There are a few practical reasons for this. Certainly, most games strive to make fights fun, so theirs some intrinsic reward, but classically, there’s another reason. See, in a movie, the stakes need to come from the story because we are bound by the strictures of storytelling. That is, if the hero is fighting a bad guy halfway through the movie, then the stakes need to be something other than “Will the hero survive?” because of course he will. He’s still got another hour of movie ahead of him.
A lot of the foundational games in the hobby didn’t _need_ to create stakes out of the narrative because death was an option. Lacking the movie star’s immunity to death, the consequences of defeat were enough to make every fight meaningful. In that context, the fact that the fights were arbitrary and gygaxian wasn’t really a bad thing. A coherent narrative _improved_ things, but it wasn’t necessary to create a sense of investment. That investment was already there.
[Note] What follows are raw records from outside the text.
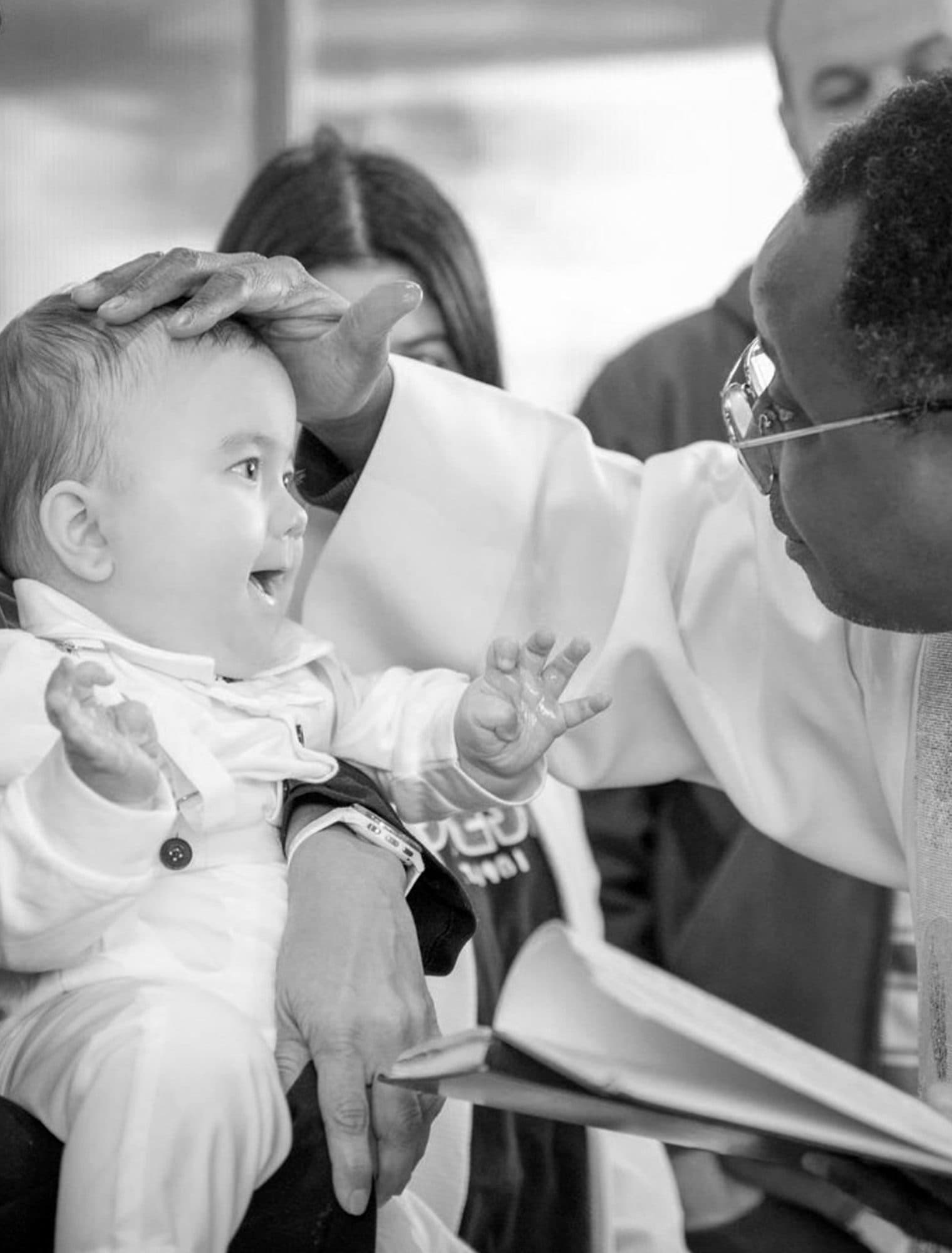 Un bébé éclate de rire sous la main du prêtre posée sur sa tête, en noir et blanc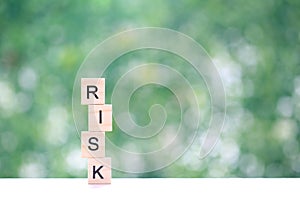 Financial risk assessment.Risk word on natural green background, Business investment and Risk management concept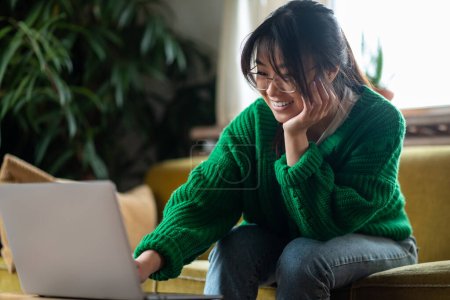 Photo for On internet. Asian young girl at home spending time online - Royalty Free Image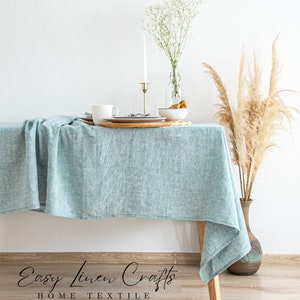a table with a blue table cloth and a vase with a plant on it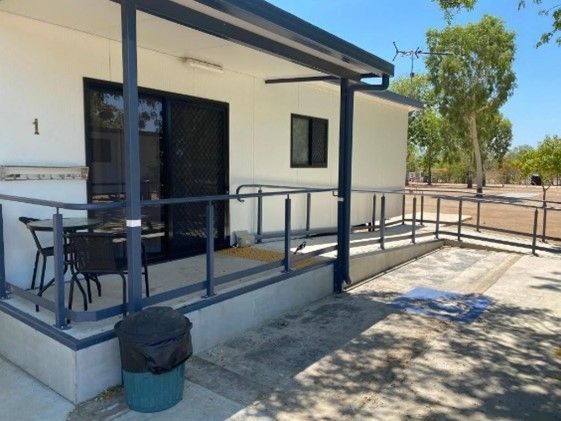 White Cabin With a Ramp, Porch, and a Black Table and Chairs — Karumba Point Holiday Tourist Park in Karumba, QLD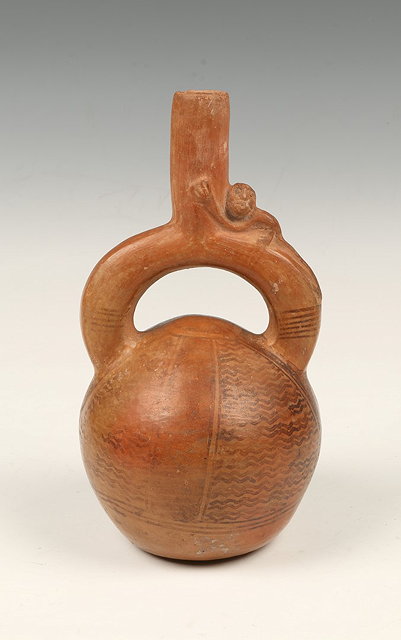 Appraisal: A REDWARE STIRRUP VESSEL the handle modelled with a monkey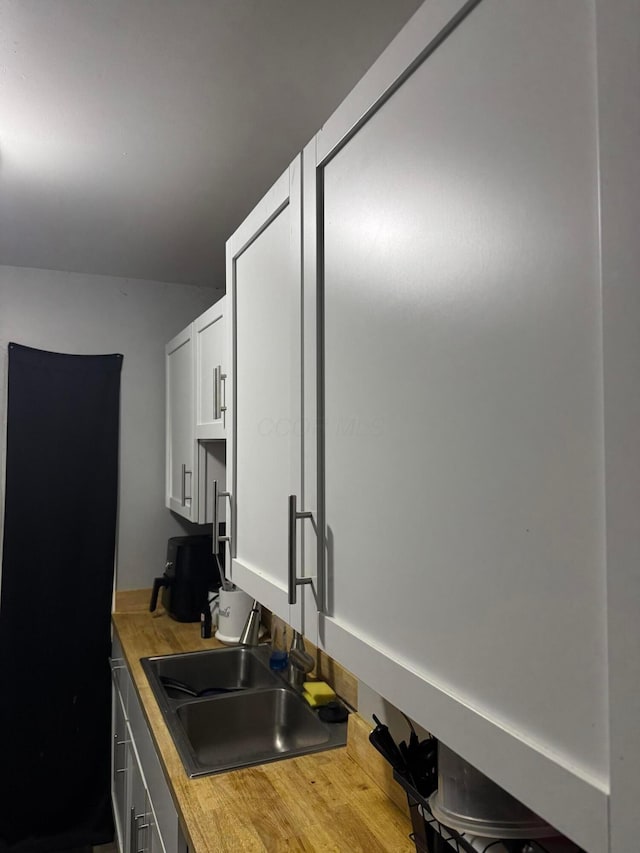 kitchen featuring hardwood / wood-style flooring, white cabinetry, and sink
The problem is, of course, that character death creates other problems beyond the immediate emotional impact. It often leaves a player at loose ends while his friends continue to play, especially if generating a new character is cumbersome or punitive (and, arguably, those out-of-character consequences and difficulties increased the emotional punch of death). To minimize this, a lot of games started moving death from its central position, sometimes removing it entirely.
Doing so created a problem. Without the implicit stakes of death, there needed to be other stakes to keep players invested in outcomes. Some games never addressed this, and as a result produced fairly limp experiences. Other games started taking their examples from fiction. The logic was that if characters in a game have some of the same protections as those in a story, then investment in play can be created the same way it is in stories – compelling narrative, explicit stakes, exciting color and so on. Done right, that’s pretty cool.
But it’s not necessarily the only solution. The new Gamma World is chock full of death, but at the same time, death has very little friction because creating and introducing a new character is both fast and fun. There are probably other solutions too, but my point is that these are all different points on the same twisty path – they’re not exclusive. If I were to go back to running Rolemaster tomorrow (because, man, it’s deathy death death), I would not need to discard the lessons from less lethal games.
Ideally, I’d be able to combine them. I could have fights that are viscerally compelling because death is on the line, but which are dramatically compelling because the stakes are high. Obviously, that has always been the goal, but so many games have created so many tools for doing one or the other, what happens when we start doing both?
I’m afraid to find out. But also profoundly curious.